Braemar ACM Shipbroking said spot tanker earnings could dip below operating expenses for the rest of 2020 in the worse scenario, with vessels being released from floating storage amid “violent” market rebalancing.
But the brokerage suggested the actual development would likely be more benign as the pace of inventory drawdowns is expected to be slow.
“While destocking pain is coming for tanker markets, it is still months away and won’t be of a healing ‘short and sharp’ variety,” London-based Braemar said.
Support from US sanctions
While the Opec+ headline cut is bearish, tanker owners are looking for support on other fronts.
Cleaves Securities said the cuts mean continued low transport demand and lack of storage economics for owners, plaguing the Middle Eastern Gulf (MEG) market in particular.

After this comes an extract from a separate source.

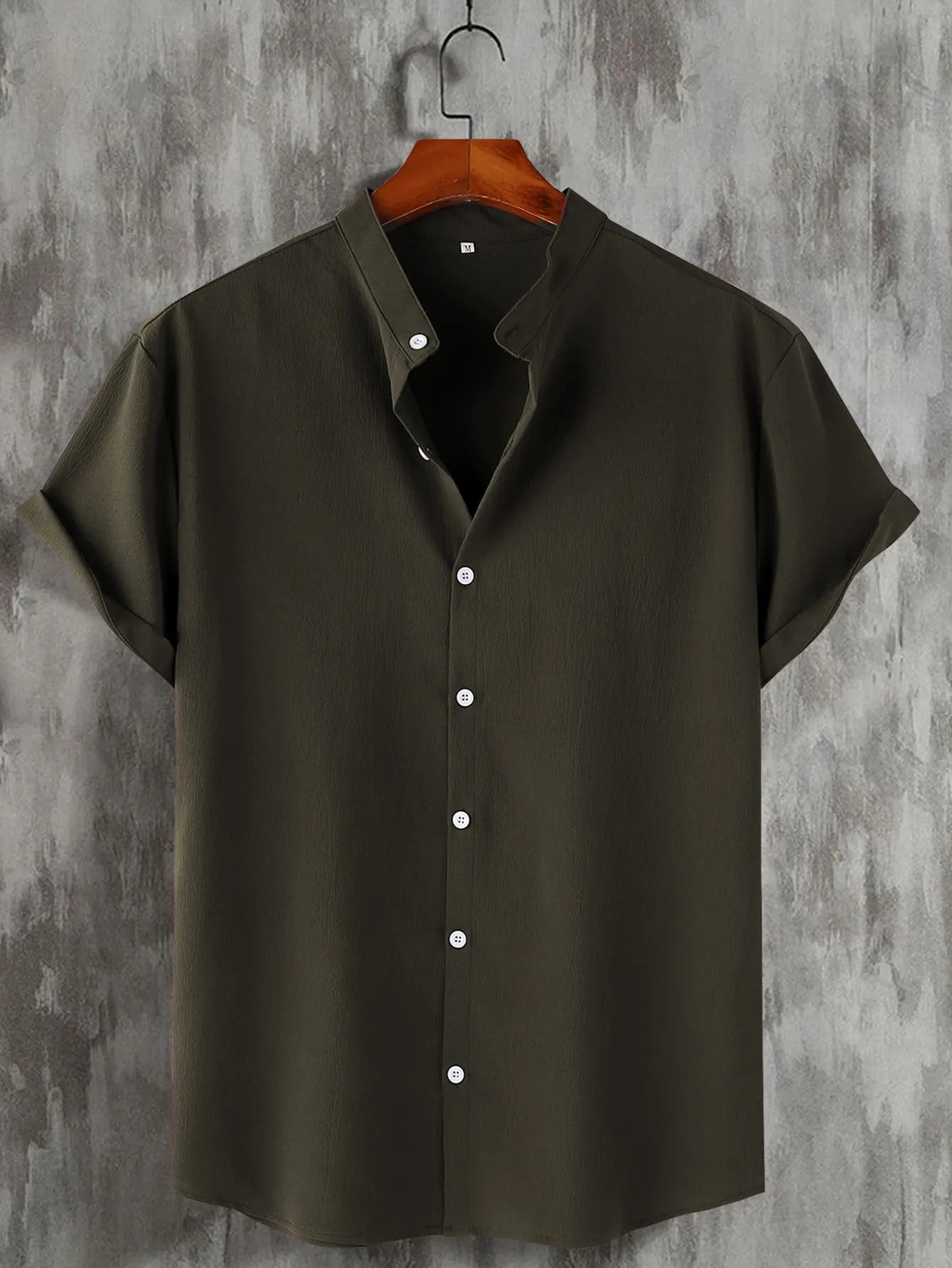 RICCARDO® Men's Short Sleeve Casual Shirt - Magnattos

"A thin tonnage list in the Atlantic and vessels tied on storage [are] however supportive of regional spot rates," the investment bank added.
Fearnley Securities said it viewed the Opec+ move as unsurprising and suggested Saudi Arabia, Qatar and Kuwait would roll back their 1.2m bpd voluntary cut made in June.
"Interestingly, the deal also included a claw-back from delegates failing to comply in May and June. The primary laggards are Iraq, Nigeria and Kazakhstan, which thus will have to make extra cuts from July to September...to circa 1.4m bpd," the Norwegian investment bank said.
"Beyond July it is hard to see further cuts beyond what is already agreed. Therefore, we continue to expect the tanker market being worst hit in June/ July.”
Clarksons Platou assessed average suezmax earnings down 12.4% from last Friday at $17,800 per day as of Monday morning and aframax also down 12.4% at $13,300 per day.
But VLCC earnings gained 3.1% to $53,900 per day. Baltic Exchange data showed the July VLCC forward freight agreement for the MEG-China route surged by $10,394 to $44,769 per day on Friday.
Sentiment was being lifted by potential new US sanctions against Venezuela, which could remove dozens of tankers from international trading, according to brokers.
Washington already sanctioned four vessels for allegedly loading oil from Venezuela between February and April last week. Citing unnamed shipping sources and government officials, Reuters reported the Office of Foreign Assets Control (Ofac) could blacklist another 25 VLCCs and 17 smaller ships for similar reasons.
"This is believed by some to be a shift in policy from the administrator, with oil-for-debt arrangements previously being approved,” Fearnley said.
"Therefore, it is expected that most ship-owners will shy away from the trade going forward. Regardless, should Ofac expand its sanctions this would certainly stir things up again."